I have thought about this often enough that I do have an answer that works for me. Not all my colleagues would agree, but in fact I have a Biblical basis for my answer? By the way, my answer is yes, I believe they do.
Those who would disagree with my answer tend to do so because they believe animals simply die. They contend that animals do not have souls. I would ask them, where in Scripture does it state that animals do not have souls?
Okay, Scripture clearly teaches that humans are made in the “image and likeness of God” - but is that the same as a soul? And where in Scripture does it preclude that animals do not have a continued existence? It does not. In fact, the Bible is silent on this question. It neither confirms nor denies animals having a continued existence – but there is what some might call oblique evidence.
• We know everything was created for God’s glory.
• We also know that the whole of creation is destined to be redeemed through the work of Christ (Rom. 8:21).
• We are given images in both the Old and the New Testament of what heaven will be like. These images tell us about the wolf and the lamb and other animals being at peace with one another and of Jesus coming on a white horse.
• Those descriptions of heaven certainly point to a place where animals are present.

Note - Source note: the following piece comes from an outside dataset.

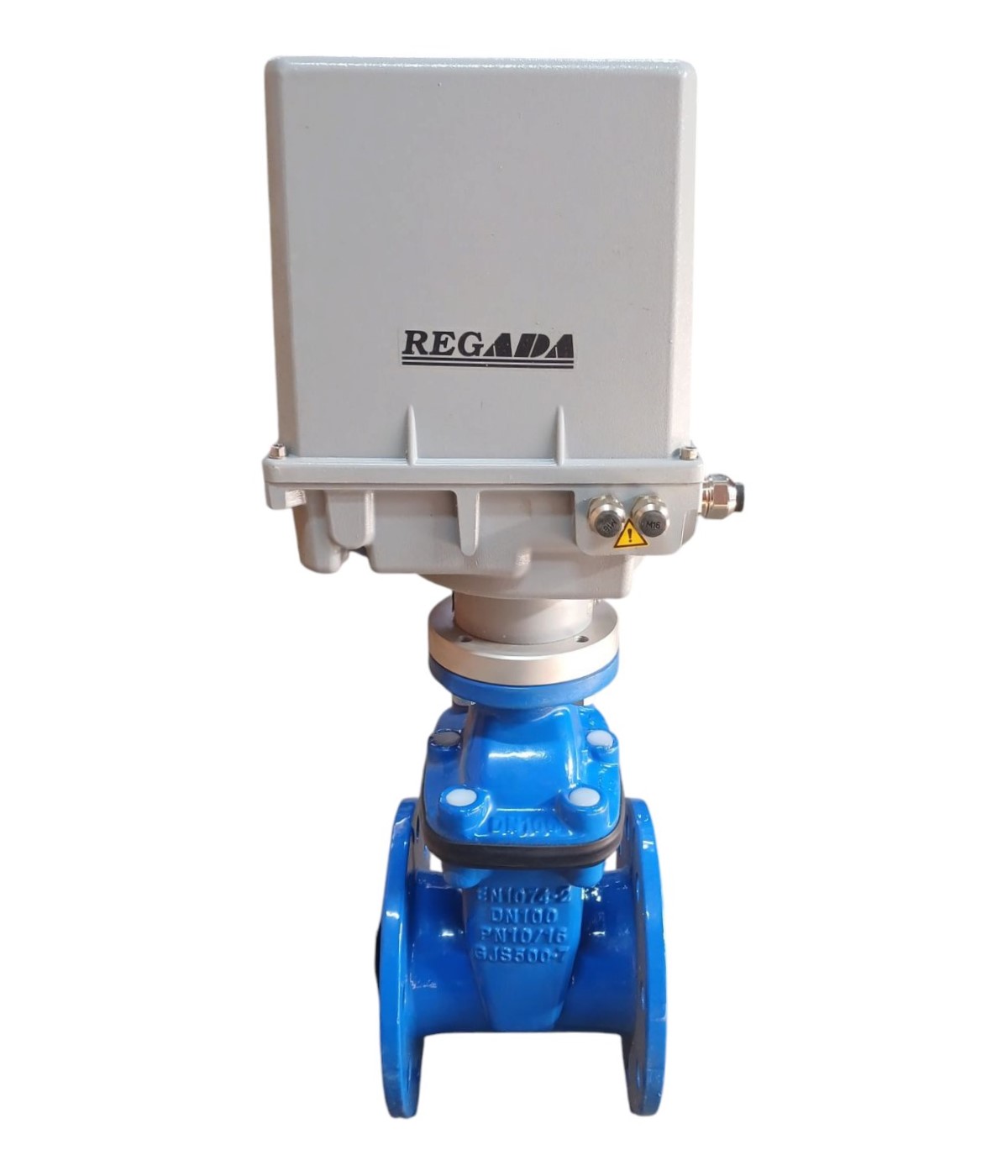 Vana fonta cu actionare electrica REGADA D.100 PN16 pana cauciucata F4 (L=190 mm) (8 gauri)  BLUCAST
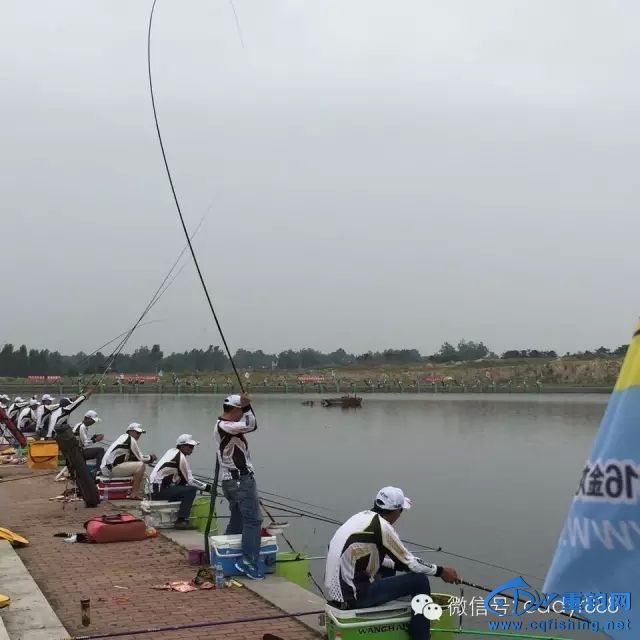 640.webp (21).jpg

Beloved, the Biblical view of heaven is not just a consolation for the life we wished we had. It is a fulfillment and restoration of the life we always wanted. This means that hard and painful things like the death of our beloved pets will not only be undone and restored, but will in some way make our eventual joy and glory even greater. Everything sad is going to vanish and will by God’s grace somehow become greater for having once been lost. In the Resurrection, we'll get the life we longed for and it will be infinitely more glorious.
So yes, I fully expect all of us to see our departed pets as they somehow participate in the benefits of Christ’s redemptive work.
I have heard Heaven described as “The place that, when you go there, all the pets you have ever loved come running to greet you."